Intervention de Daniel Salmon

Mission d'information Méthanisation — Réunion du 12 mai 2021 à 16h30
Audition de Mme Barbara Pompili ministre de la transition écologique et de M. Julien deNormandie ministre de l'agriculture et de l'alimentation

Photo de Daniel SalmonDaniel Salmon, rapporteur :

Merci pour ces propos, qui nous apportent des informations complémentaires. Pourquoi notre groupe politique s'est-il emparé de ce sujet ? Ce qui nous intéresse dans la méthanisation, c'est l'interface entre la production d'énergie renouvelable et le monde agricole.

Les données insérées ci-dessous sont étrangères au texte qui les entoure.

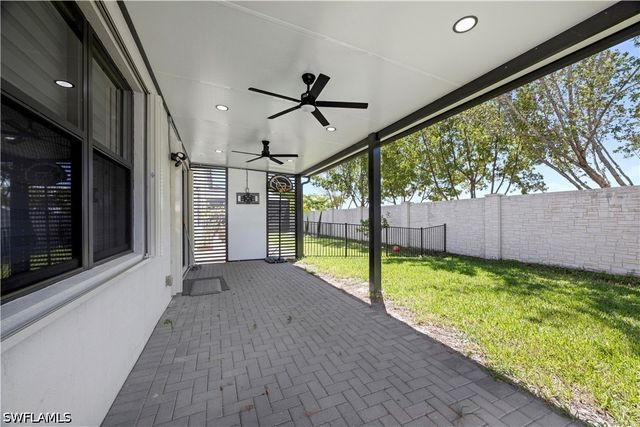 9045 Madrid CIR, Naples, FL 34104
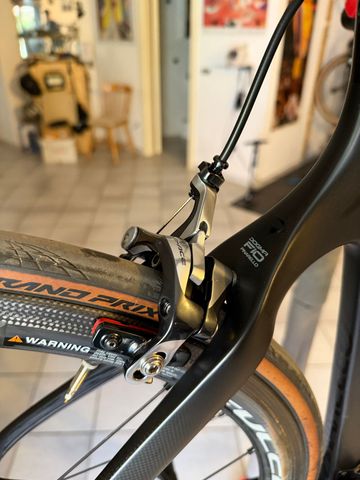 Pinarello DOGMA F10 2020 Road & Gravel usato, Nero — immagine 5 di 10
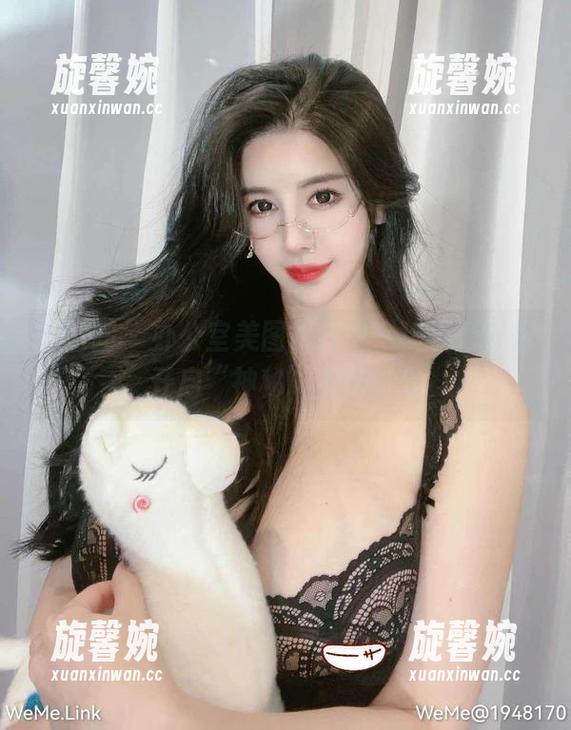 猪小七 微密圈 - 办公室美图执行中,猪小七带你开启“神秘”工作时光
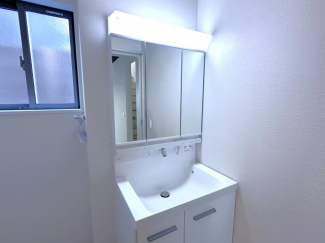 【独立洗面台】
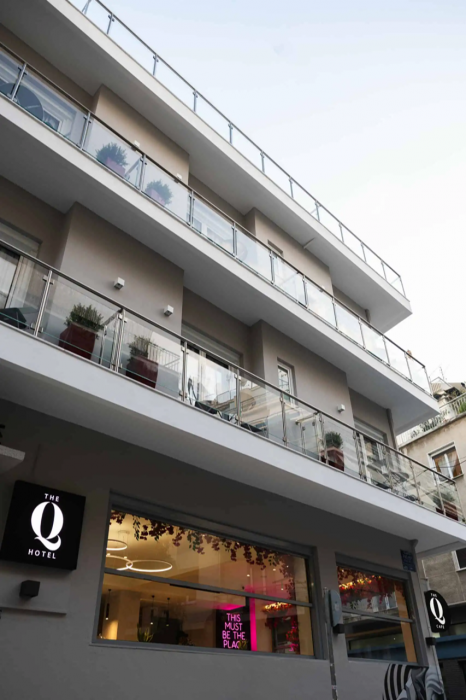 The Q Hotel 1/18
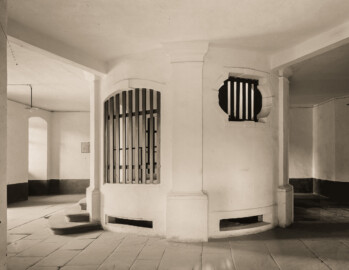 Bad Mingolsheim - Schloss Kislau - Blick auf den zentralen Treppenaufgang im Erdgeschoss im ehemaligen Bergfried des Hauptbaus, um 1913; Glasnegative Wilhelm Kratt (1869-1949) (Bildnachweis: Landesarchiv Baden-Württemberg, Abt. Generallandesarchiv Karlsruhe, 498-1 Nr. 3018; https://www.landesarchiv-bw.de/plink/?f=4-1080796-1; CC BY 3.0 DE)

Nous nous interrogeons beaucoup sur la pérennité du modèle actuel. Les objectifs sont ambitieux, et cela nous convient. On est dans une phase très importante du développement de la méthanisation, mais on rencontre des problèmes d'acceptabilité. Or pour qu'il y ait acceptation de nos concitoyens, il faut que cela fasse sens. Aujourd'hui, le questionnement de l'opinion publique porte sur ce point.

Il existe de grandes différences entre les territoires. En Bretagne, terre d'élevage, les méthaniseurs sont en train de se développer de manière très importante. J'ai rencontré beaucoup de maires à ce sujet, et je ne veux pas me focaliser sur telle ou telle région : je tiens à avoir la vision la plus globale possible de la problématique de la méthanisation.

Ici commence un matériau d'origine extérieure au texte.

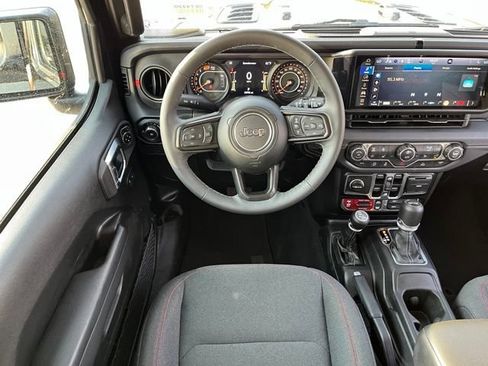 Certified 2025 Jeep Wrangler Unlimited Rubicon w/ Convenience Group AWD/4WD image 9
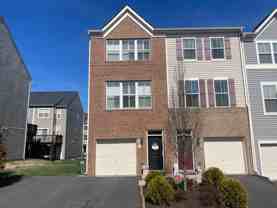 201 Woodstream Cir - Photo 1 of 1
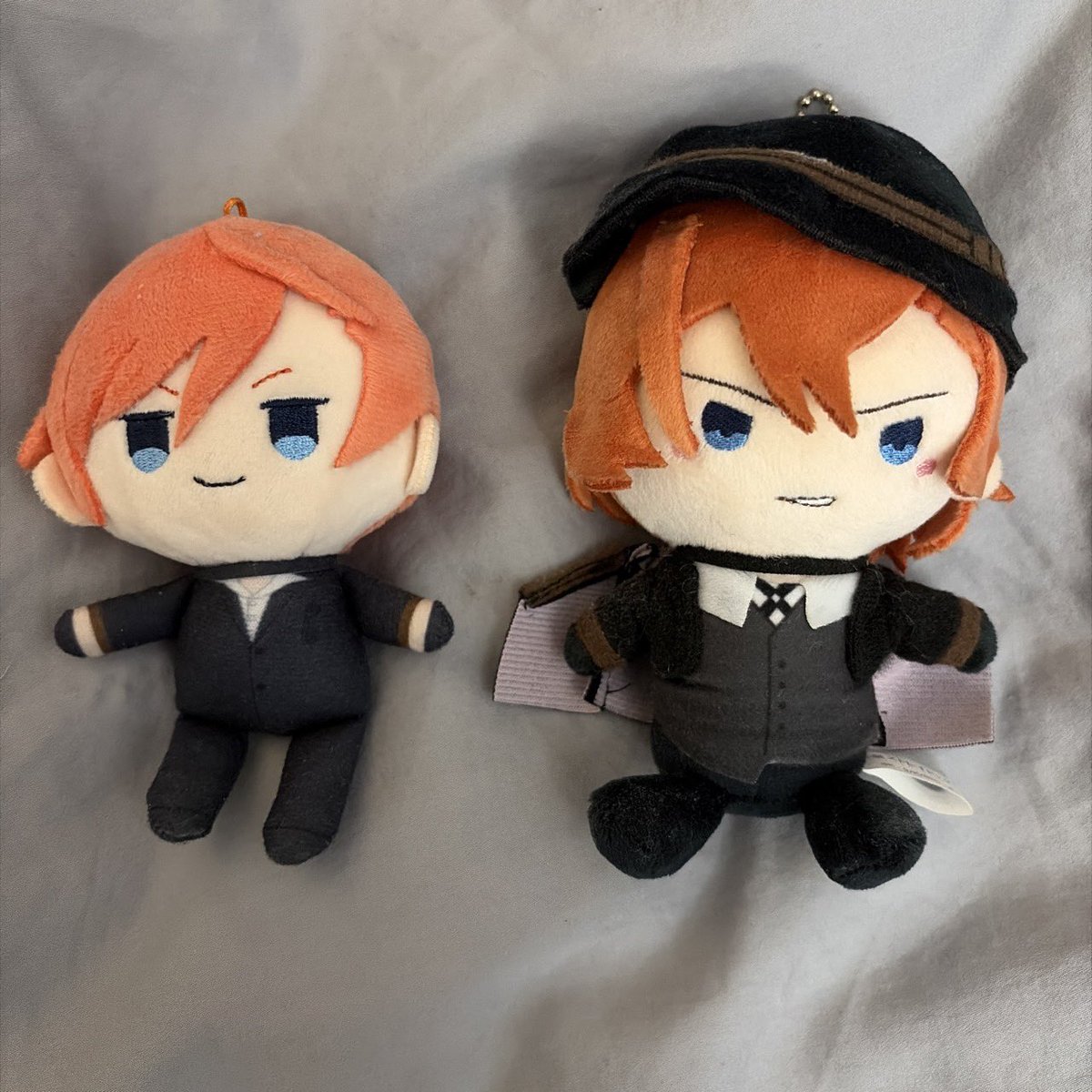 lqsyck's tweet photo. hi #bsdtwt me again selling a buncha chuuya &amp; soukoku merch 😊😊😊 link in replies https://t.co/x0UWexgXeW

L'occupation du foncier agricole m'intéresse également. J'éprouve quelques inquiétudes à propos de l'agriculture vivrière et de l'agriculture énergétique. Nous ne sommes pas autonomes pour nourrir nos animaux. Nous importons énormément. Il faudrait très certainement importer moins, mais si on destine le maïs qui pourrait servir à nourrir nos animaux aux méthaniseurs, on est obligé d'importer davantage. C'est ce qui nous gêne. Je parle ici au nom du groupe Écologiste Solidarité et Territoires, même si l'interrogation est partagée par tous, car nous avons eu ici des débats très riches et totalement transpartisans.

Le prix de rachat connaît une tendance à la baisse, ainsi que Mme Pompili l'a indiqué. En matière d'éolien comme de solaire, le fait d'avoir industrialisé les procédés de production a permis une baisse très importante des coûts. Dans le domaine du vivant, je pense que nous allons très vite arriver à un palier et que nous ne serons pas en mesure de baisser les coûts énormément.

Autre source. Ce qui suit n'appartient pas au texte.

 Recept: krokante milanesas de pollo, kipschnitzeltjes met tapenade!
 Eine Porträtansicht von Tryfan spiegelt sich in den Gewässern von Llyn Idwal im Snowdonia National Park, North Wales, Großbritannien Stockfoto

En outre, un fort développement de la méthanisation va entraîner une certaine concurrence en matière d'intrants. Nous le constatons déjà. Si le prix des intrants augmente, le revenu de l'agriculteur va s'en ressentir, surtout s'il n'est pas autonome sur son exploitation.

Mes inquiétudes portent également sur le fait que nous risquons pour ainsi dire de « figer » le modèle. Aujourd'hui, la production de maïs est, entre autres, liée à l'élevage. Quid, demain, si le cheptel diminue du fait d'un changement dans le régime alimentaire des Français, qui est probable ? Quid des aléas climatiques de plus en plus nombreux concernant le maïs ? Le maïs est une plante dont la culture nécessite beaucoup d'eau.

Que risque-t-il de se passer si nous parions sur une production optimale en matière de méthanisation et que nous nous retrouvons ensuite en difficulté ? Je rappelle qu'on a fixé aux agriculteurs des prix sur quinze ans - et ils en sont d'ailleurs très heureux.

Qu'en est-il donc de la pérennité de ce modèle ? Je pense que la mission sénatoriale d'information émettra des préconisations à ce sujet.

Par ailleurs, on sait que le lisier est très peu méthanogène. Il est constitué de 95 % d'eau et de 5 % de matières sèches et il représente 10 mètres cubes de gaz à la tonne. Or certaines tonnes à lisier de 30 mètres cubes font parfois 20 kilomètres pour arriver jusqu'au méthaniseur. On a donc ainsi transporté beaucoup d'eau, pour ensuite revenir chercher le digestat afin de l'épandre. Il faut que la méthanisation soit la plus vertueuse possible et ne vienne pas perturber le monde agricole, qui connaît déjà pas mal de difficultés. Elle doit être une véritable solution pour les agriculteurs et ne pas générer, demain, davantage de difficultés.

En outre, les industriels de l'énergie étudient, eux aussi, les projets de méthanisation. Pourquoi pas ? N'existe-t-il toutefois pas là un risque pour l'agriculteur de se voir dépossédé de son outil de travail ? On sait que nous entrons là dans un système capitalistique, auquel s'ajoute à terme le problème de la succession de l'exploitant.